However, TURN is now attracting a wider range of use cases,
especially on enterprise networks and in conjunction with WebRTC.
Some use cases employ TURN as an "escape hatch" in an otherwise
tightly restricted network, with the intention that users would
tunnel much or all of their UDP traffic through the TURN server. On
some restricted networks, DNS access is also restricted, which may
prevent users from determining the IP address of a domain (e.g. an
application-specified TURN server, for RETURN
[I-D.schwartz-rtcweb-return], or an ICE candidate that contains a
domain name) that they wish to contact through the escape-hatch TURN
server.
Extending TURN to support named peers allows TURN to work for clients
who are attempting to contact an endpoint by name, on networks where
resolving those names is not otherwise possible.
2. New Address Family for DNS names
The Address Family 0x03 is defined to indicate that the specified
address is a DNS name. This family is only permitted under certain
circumstances, detailed below.
3. Extension to the XOR-PEER-ADDRESS attribute format
STUN/TURN attributes are Type-Length-Value encoded ([RFC5389],
Section 15). For both of the existing Families, the attribute's
encoded length is a known constant, because the length of the address
is constant.
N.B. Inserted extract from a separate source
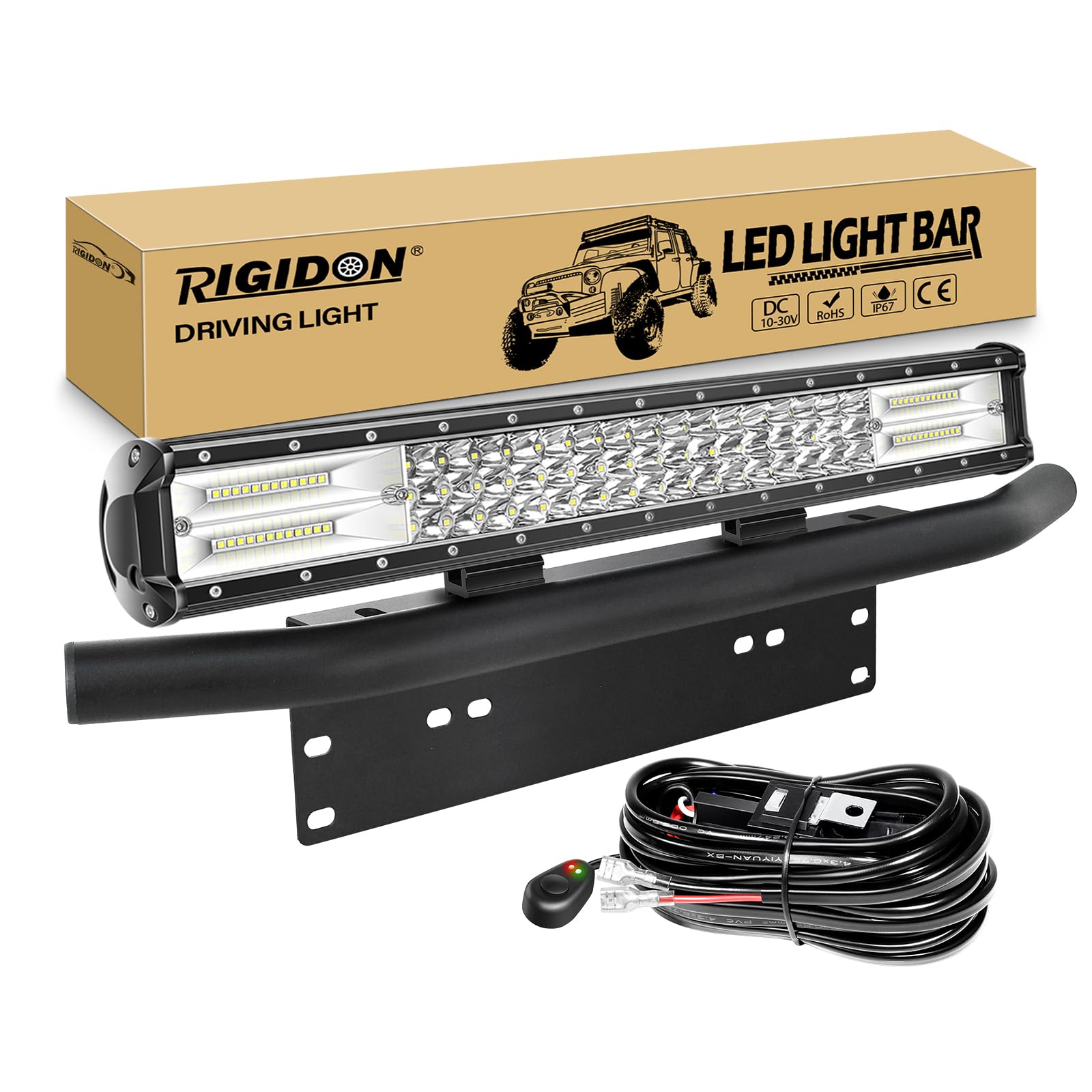 RIGIDON Led lichtleiste mit 12V kabelbaum und kfz kennzeichenhalterung, Dreireihige 20 Zoll 50cm 288W offroad beleuchtung für SUV Offroad Offroad, LKW, Fahrzeuge, 6000K Weiß led nebelscheinwerfer RIGIDON Led lichtleiste mit 12V kabelbaum und kfz kennzeichenhalterung, Dreireihige 20 Zoll 50cm 288W offroad beleuchtung für SUV Offroad Offroad, LKW, Fahrzeuge, 6000K Weiß led nebelscheinwerfer von RIGIDON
For the newly defined Family 0x03, the length is
variable, and the indicated length from the TLV encoding is necessary
in order to parse the attribute.
The DNS name is transmitted in the X-Address field, and is encoded by
the following procedure:
1. Define the "legacy transaction ID" as a 128-bit value consisting
of the 32-bit magic cookie followed by the 96-bit transaction ID.
2. Define the DNS name as a standard dot-separated UTF-8 byte-string
(not null-terminated).
3. Compute the encoded address (X-Address) by XOR'ing each byte of
the DNS name with the corresponding byte of the legacy
transaction ID.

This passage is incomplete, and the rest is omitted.